In the U.S. District Court for the District of Montana, pro se litigants (people who do not have a lawyer) must follow the same rules and procedures as litigants who are represented by a lawyer. These rules include deadlines ordered by the Court and payment of all required filing and court fees. It is important to read all of the information on this page very carefully and to review the resources available on the Court’s Representing Yourself pages so that you are better prepared to represent yourself in your pending litigation.
Federal & Local Rules
Before you file a case, you should begin by reviewing the local and federal rules that govern the filing of a case in this Court. A self-represented person is bound by the federal rules and all applicable local rules. Sanctions for failing to follow these rules include but are not limited to entry of default judgment or dismissal with prejudice. Local Rule 83.8(a). This means that your case could be dismissed and you could be prohibited from re-filing. Rules, orders and statutes can be viewed on the Court’s Rules, Orders & Statutes page.
The Court expects people representing themselves to review the following legal rules before filing their cases:
The Federal Rules of Civil Procedure (“Fed. R. Civ. P.”) are the rules that all parties are expected to use during their case and in preparation for and during a trial in federal court. You can view the Federal Rules of Civil Procedure at www.law.cornell.edu/rules/frcp.
The Federal Rules of Evidence (“Fed. R. Evid.”) are the rules that describe what evidence is allowed and how it can be used in a civil trial. Evidence can include witness testimony, documents, and other documents or information. You can view a copy of the Federal Rules of Evidence at www.law.cornell.edu/rules/fre. As you build your case, you will need to verify that you will be allowed to present the evidence that you want to use in court. Not everything that was said during the course of a dispute that gives rise to a civil action is admissible in court. Documents that cannot be authenticated may not be admissible, for example. It is important to closely review the Federal Rules of Evidence and ensure that your evidence will be permitted by the Court.

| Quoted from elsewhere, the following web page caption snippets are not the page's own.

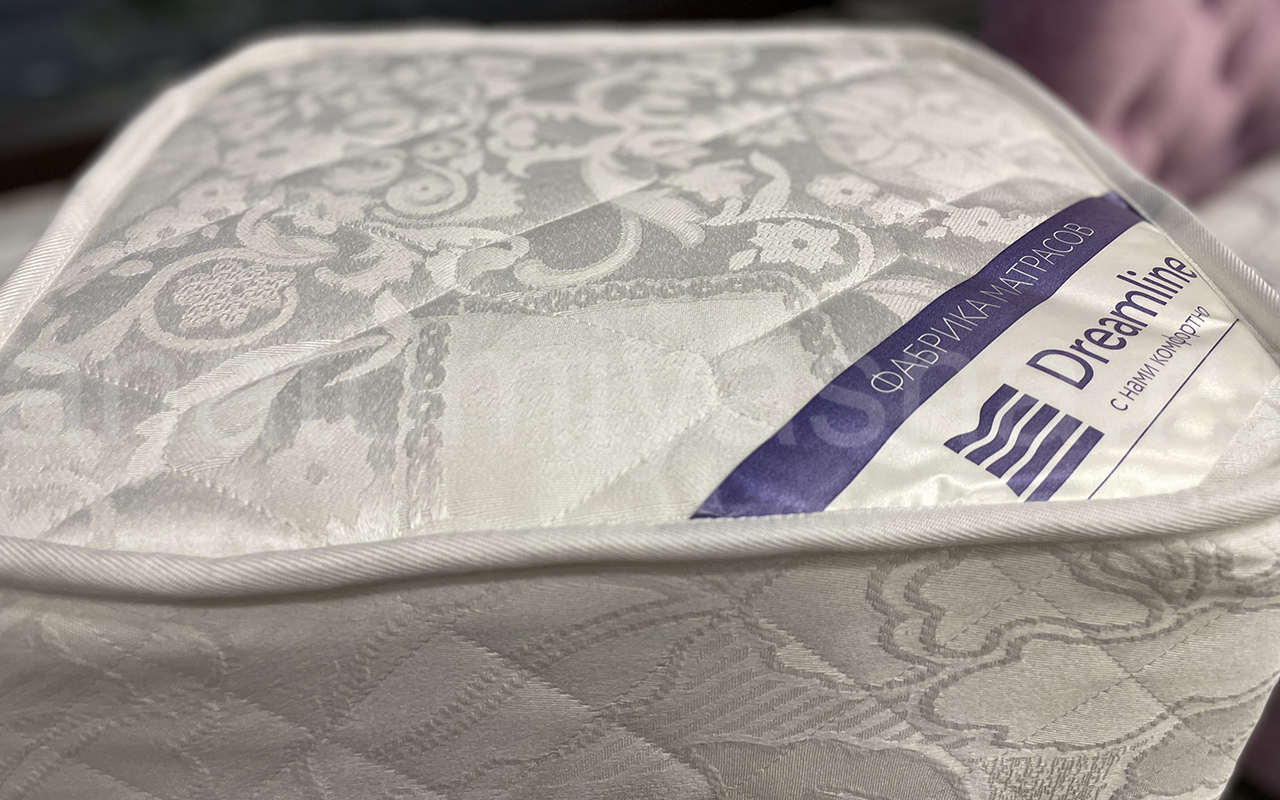 отзыв о Матрас DreamLine Springless ORTO 15 фото 2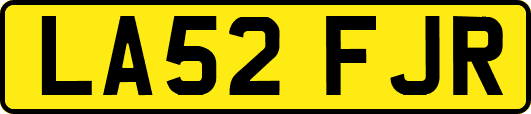 LA52FJR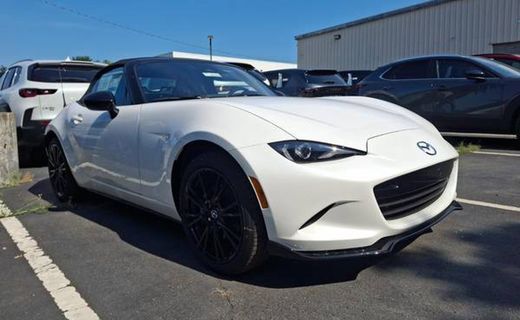 2026 Mazda MX-5 Club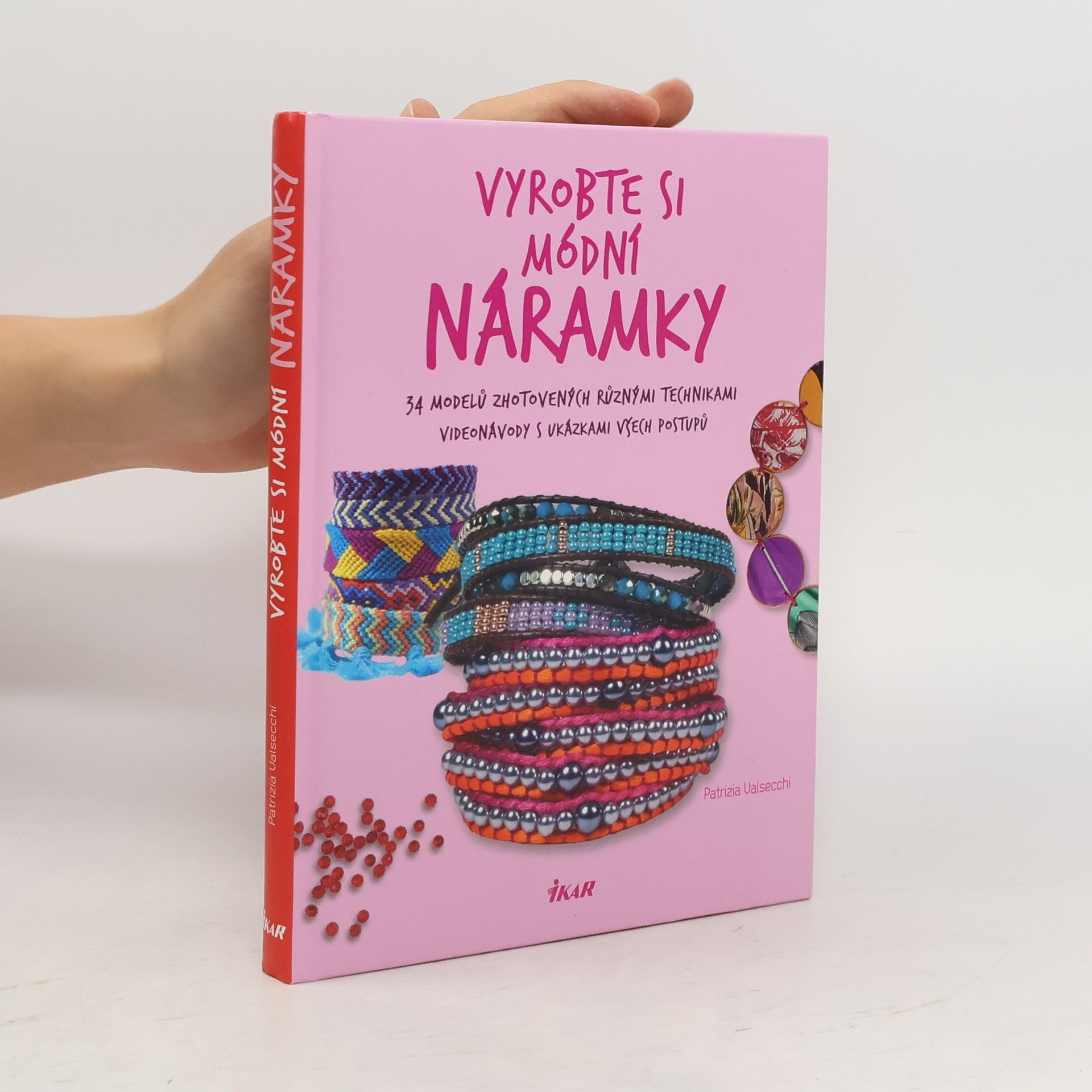 Patrizia Valsecchi Vyrobte si módní náramky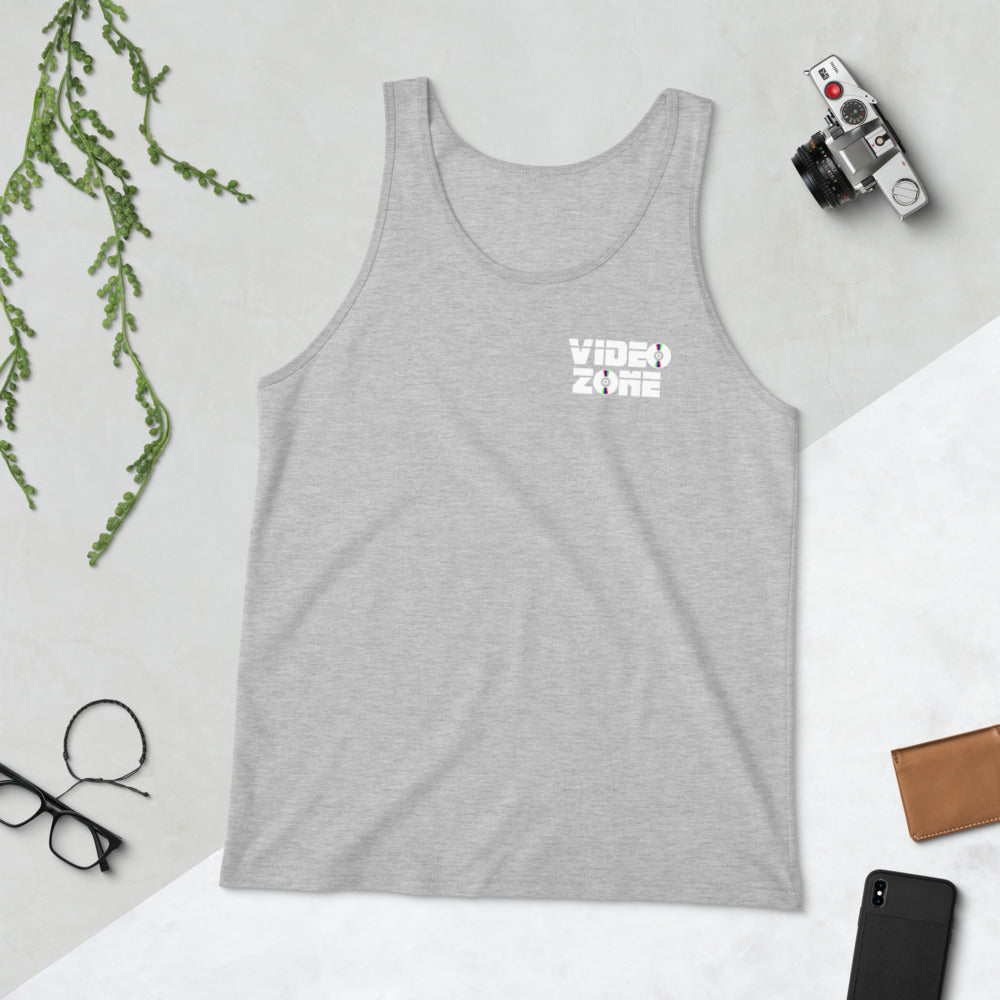 Video Zone Tank Top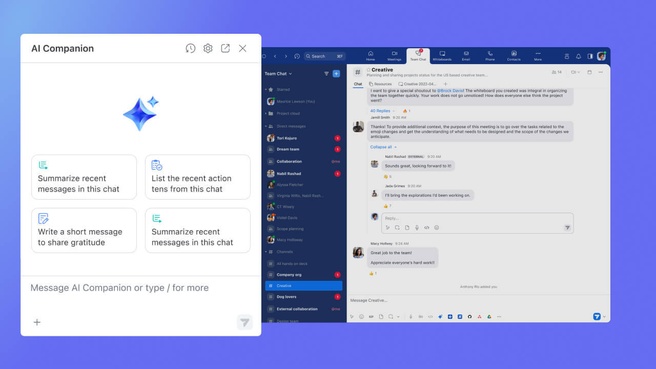 Zoom AI Companion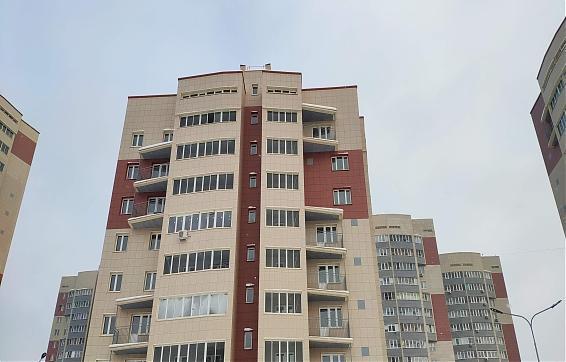 ЖК Берег Скалбы 2, вид со стороны Хлебозаводской ул., корпус 12к3, фото 3 Квартирный контроль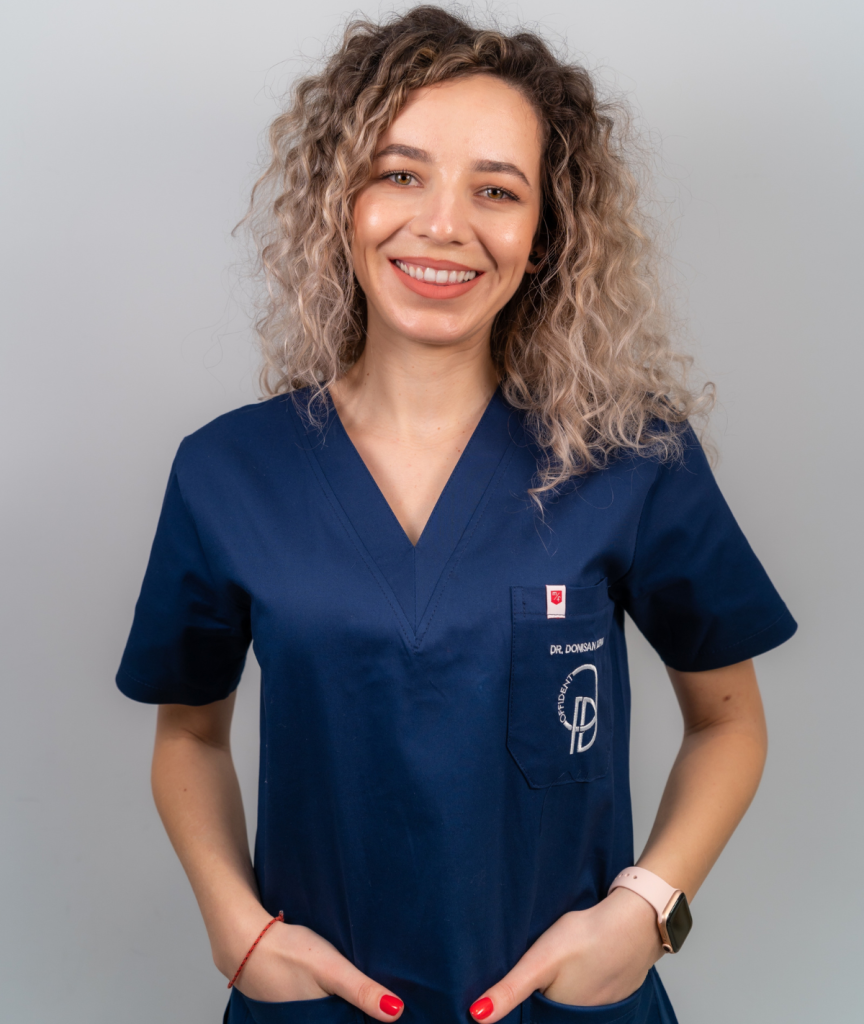 Dr. Elena Donisan @ clinica dentara Cluj, stomatologie Cluj Offident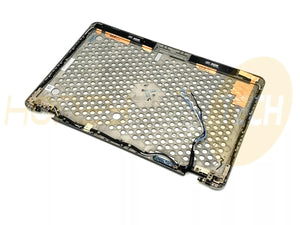GENUINE DELL LATITUDE E7240 LCD BACK COVER 12.5" WiGig NONTOUCH WRMNK GRADE A - Honeybee-Technologies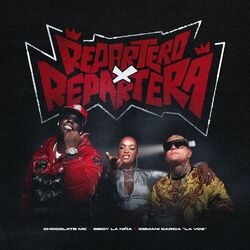 Cover of Repartero X Repartera
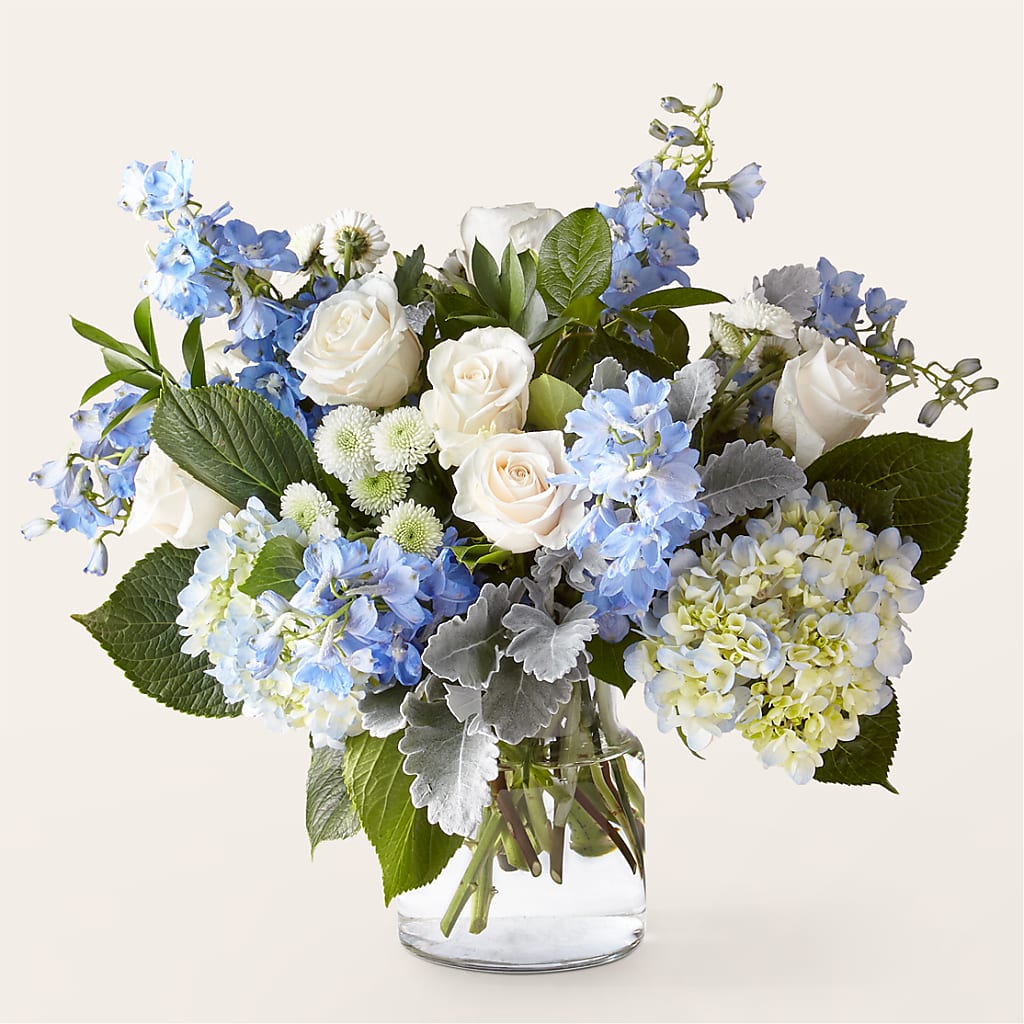 Clear Skies Bouquet – Gateway Florist, Rockwood TN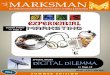 The Summer Edition of the Marksman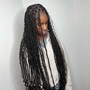 Kid's Box Braids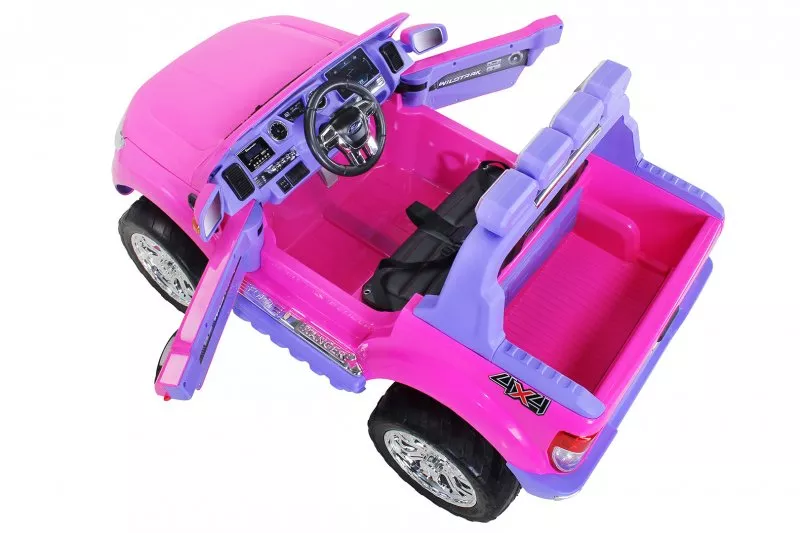 Kinder Elektroauto Ford Ranger MODELL 2018 Allrad Lizenziert für 2 Personen Kinder Elektroauto Ford Ranger MODELL 2018 Allrad Lizenziert für 2 Personen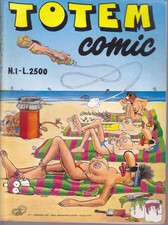 TOTEM COMIC N° 1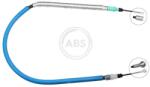 ABS Cablu, frana de parcare ABS K18891 (K18891)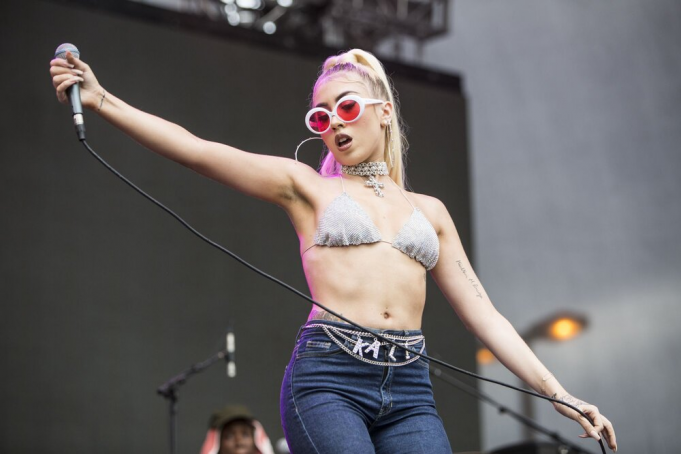 Kali Uchis at Arizona Federal Theatre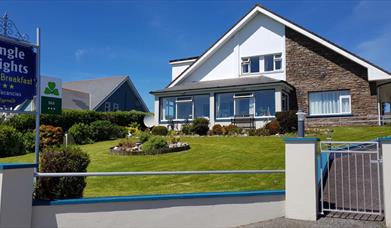 Dingle Heights Exterior View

Each District in the federal system also maintains local rules that add to or refine the Federal Rules of Civil Procedure. Generally speaking, you need to follow these rules regarding how and when you file motions or other documents with the Court. These rules also cover the types of information you may request from other parties, scheduling orders, pre-trial court appearances, hearings, and many other aspects of trial practice in Montana federal court. You should familiarize yourself with these rules. You can view or download a copy of the District Court of Montana's Local Rules at: https://www.mtd.uscourts.gov/court-info/local-rules-and-orders. You can also request a copy from the Clerk’s Office. The Clerk's Office contact information is available here.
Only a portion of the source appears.